The Hebrews had been in exile for decades in a strange land. Their ancestors had been violently displaced from their country, and their religious world had been torn down brick by brick, as the Temple was destroyed. They were then immersed in a foreign culture as captives and settlers in a strange land. At long last, their hopes for homecoming were realized. They were allowed back to their country. But who were they to be now?
How could they avoid the great loss their ancestors had experienced?
How were they to rebuild not only their physical communities, but their cultural, political, economic, and spiritual lives?
The Ethiopian was not only an outsider by race and nationality. He was also an outsider by virtue of being a eunuch. The Hebrew scriptures were clear that those with this kind of brokenness could not be full participants in the faith of Yahweh. And yet, Philip went on pilgrimage anyway. Something about this God drew him and called to him. Even after he left, he grabbed a fragment of the Hebrew Bible, the scroll of Isaiah, for further reflection. But could he ever be a full participant in a faith whose scriptures viewed him as damaged goods?
How was he to understand his place in the larger story of God’s work in the world?
Who was this God who was drawing him and how would he open his life more fully to the spiritual stirrings within him?
In both of our stories, the people involved needed someone to help make it plain. It wasn’t enough to just have the scriptures at their disposal. They needed help in understanding them. In both cases, God allowed the collective wisdom of the community of God, the people of faith, to speak into their lives.
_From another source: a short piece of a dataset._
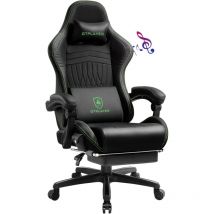 Chaise Gaming avec Repose-Pieds et Haut-Parleur Bluetooth Fauteuil Gamer Ergonomique Siège Pivotante avec Accoudoirs Synchronisés et Coussin Lombaire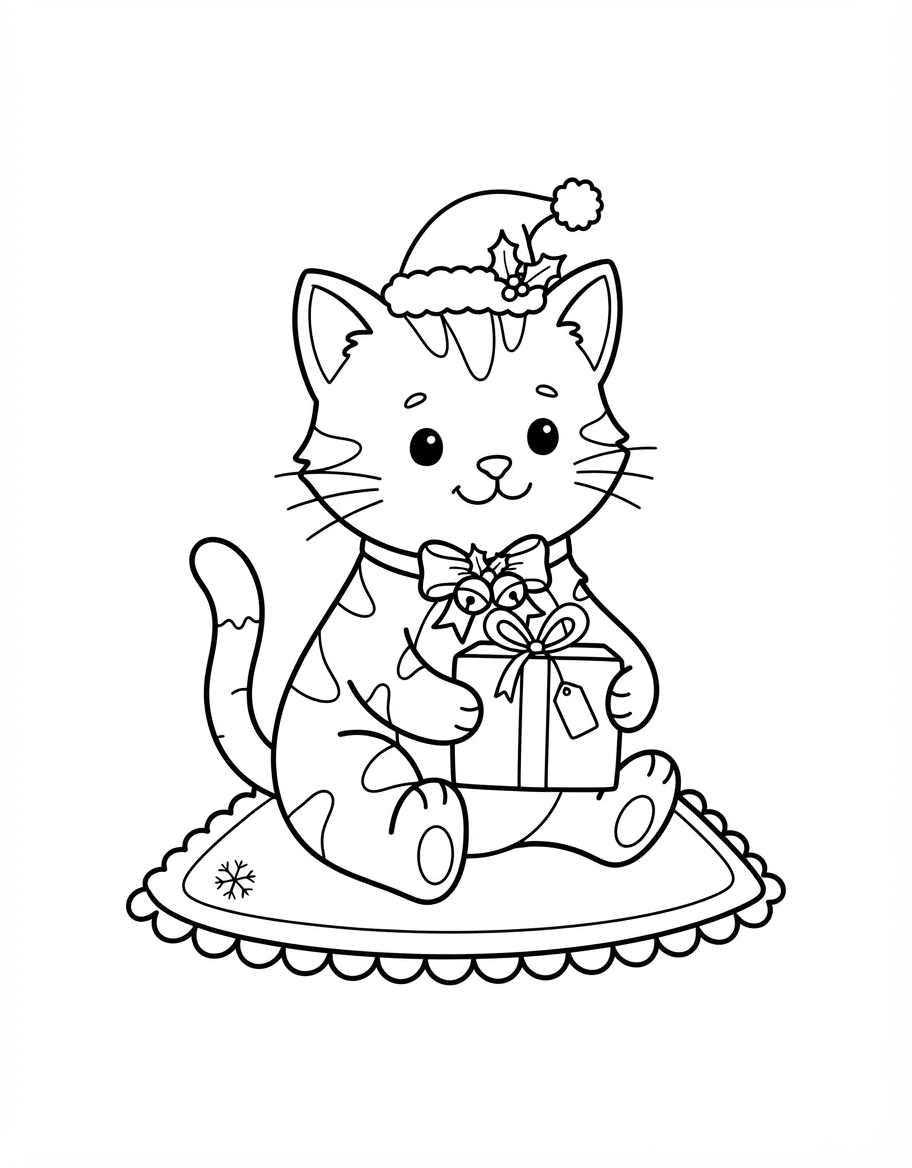 Christmas Card Kitten coloring page - free printable outline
They were not to be lone ranger interpreters of the word. They were to be a gathered collective of God led people walking in the Way together.
How do we lean into the wisdom of the community of God?
How do you allow others insights, wisdom, understanding, and questions to inform your reading of scripture?
How can we benefit from “ the other’s,” interpretations? Especially, how can we benefit from those of different theological, geographic, cultural, or economic streams than our own?